The Colorado River flowed down from the basin with a new power, and carved a gash a mile deep in the Arizona rock. Erosion expanded the gash to, at its widest point, 18 miles across. The Grand Canyon is a diorama of geological time, showing 2 billion year-old schists and granite at the bottom, and moving layer by layer forward in time to the 230 million year-old limestone at the rim. At points along the rim, you can still catch glimpses of the Colorado: jade-green crooks and elbows of river at the nadir of the cut rock.


Illustration by Laura Genes

We walk the south rim. Something in my chest rises up; I keep taking breaths and holding them high. We walk so long the soles of our feet ache. I recall a cartoon about a weary Paul Bunyan dragging his axe and carving up this ground. I need to keep seeing the river around the next bend.

The red makes me awe. The green, the river, this water, makes me want.

It is the same feeling I’d had meeting her at the cafe where she worked part-time as a waitress. Her hair was cut short, and she wore a white t-shirt, jeans, a black half-apron. The sleeves of her shirt were cut wide and rolled, a take on James Dean.

I peeked at the tops of her small breasts as she bent to refill our coffee, and down her wide sleeve when she raised her arm to brush back her hair. Was the side of her bra mesh, or lace? Were her underarms smooth, or did she let soft fur grow there? Any answer would have been something to celebrate: I simply needed to know.

And so with the river: desire flared in my chest and held me breathless.


Like most love stories, this one ends. The daily grind of life together up close, of minds that fit well three days a week but not seven, of her need for noise and action and my desire for quiet and concentration, pull her away from me. She used to turn towards me every night to bind ourselves together in sleep, leg over leg, arm over waist. It was comfortable in August, but it is somehow too hot, now, in November. So, I roll away, too, tortured by the proximity of her skin and the warm, animal scent of her, near enough to reach but untouchable. We go on like this all until it is spring, when I ask her to leave, furious at the task of having to turn her away from what I want, from what she won’t admit she doesn’t.

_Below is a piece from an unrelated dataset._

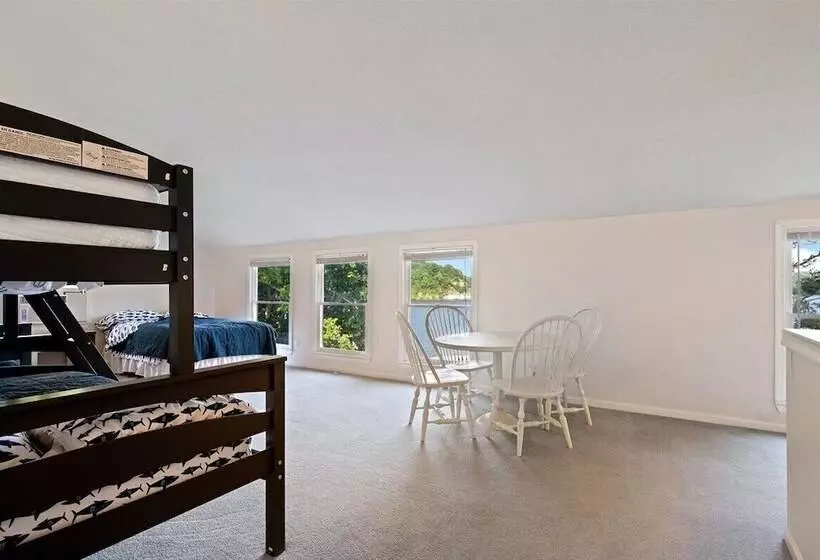 Private Dock: Spacious Lakefront Home In Stover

And so, she leaves. I am left, with the problem of wanting.

There are only two ways out of desire: like Zorba, you can gorge on the cherries til you fall sick and sleepy under the tree, and, by overindulgence, cure yourself of the wanting. The other way is to want someone or something else.

So I buy a car. I buy a sleeping pad and a small camp stove. I cut reflective foil to the shapes of my car windows for privacy, and I drive to Utah for the weekend. When I get to Saint George--the last stop of civilization before you reach Zion National Park-- it is 110 degrees of dry heat outside, and the white spires of a Mormon temple sparkle like a mirage. I set up the car next to a park, the banal sounds of teenage boys playing ping pong on the courts til midnight pulling me in and out of sleep.

I am here because I know now that what Freud called the life force, the libido, can be turned to the natural world. I will fall in love with the Virgin River that runs through Zion National Park. It has carved a gorge twenty feet across creating two thousand-foot high vertical rock faces, and it runs between them with only rare respites of sand or shore along its course. I am going to hike four miles through the cold water, shallow this time of year, and admire the flat, grey rock walls, striped with black patina that looks like spilled paint. I will gaze up when the sun, at 11 or so, finally becomes visible in the narrow strip of sky overhead. I will fondle the hanging gardens of fern and moss that attach to the face of the rock. I will walk carefully in this water, feeling the stones under my feet shift with my weight.

If you are a woman, and you don’t give your life to another woman, or a to man, or to a child whose mouth or hands will always be at you, you can do this instead. Promise your body to the land, to the red dirt. Give your heart to the water.